Assessing weather patterns in Antarctica is crucial for the development of science, especially given the fact that the Southern Continent is one of two areas where global warming is becoming increasingly present. For this reason, an international scientific consortium has managed to set up a number of “space weather” observatories on the ice sheets. By combining these data with some obtained by NASA's THEMIS satellite array, experts are finally able to get year-round readings in the region, especially from the large magnetospheric substorms, which are the triggers of Aurora Australis events.

“The Antarctic is magnetically connected to vast regions of space and the solar wind, and provides a unique window to observe dynamic processes in Earth's upper atmosphere and beyond,” Siena College expert Allan Weatherwax explained.
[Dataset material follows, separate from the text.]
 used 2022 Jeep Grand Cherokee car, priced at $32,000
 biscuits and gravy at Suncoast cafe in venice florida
He is one of the co-principal investigators for the international Polar Experiment Network for Geospace Upper-atmosphere Investigations (PENGUIn), together with University of New Hampshire Institute for the Study of Earth, Oceans and Space expert Marc Lessard.

The PENGUIn project is one of the largest scientific collaborations in the world, including researchers from the Augsburg College, the University of California-Berkeley, the Dartmouth College, the University of Maryland, the New Jersey Institute of Technology, the Stanford University, the Virginia Polytechnic Institute and State University, the University of Michigan, as well as the Tohoku University, from Japan.
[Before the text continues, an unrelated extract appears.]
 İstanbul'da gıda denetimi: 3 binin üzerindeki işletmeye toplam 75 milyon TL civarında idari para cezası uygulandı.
A number of observatories have been placed at various locations in the Antarctic. Devices range in size and complexity, and the international consortium handles both very sophisticated data-collecting stations – featuring advanced instruments powered by the wind and the Sun – and smaller sensor units, which are able to record and store data until the information is retrieved, at designated time intervals. “In order to fully understand the phenomena we're studying, you have to know what happens with the field lines at both the poles,” Lessard said.
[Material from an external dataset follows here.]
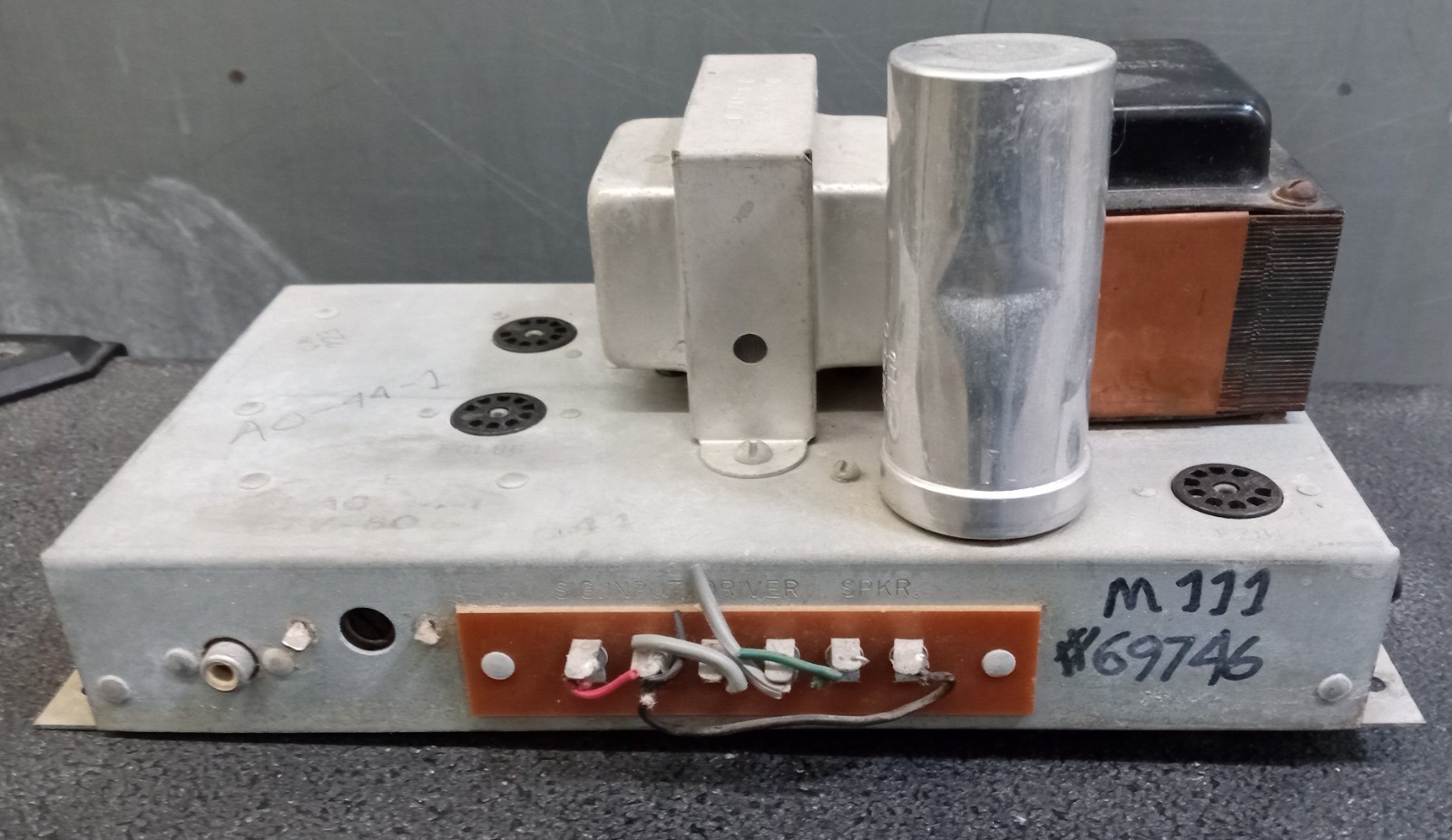 Hammond AO44 Organ Amplifier Chassis (DIY 18 watt guitar amp)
Auroras occur because the Earth's magnetosphere extends far out into space, where it gets bombarded by solar winds and super-charged particles coming from the Sun. That energy is directed alongside magnetic field lines, which is why the Auroras sometimes look like curtains that hang over the horizon, on which straight, parallel lines can be identified. By assessing the complexity and the strength of the Aurora phenomena, as well as the variations in the Earth's magnetic field, the research group can gain valuable data on how space weather looks like, as well as on the factors that influence it the most.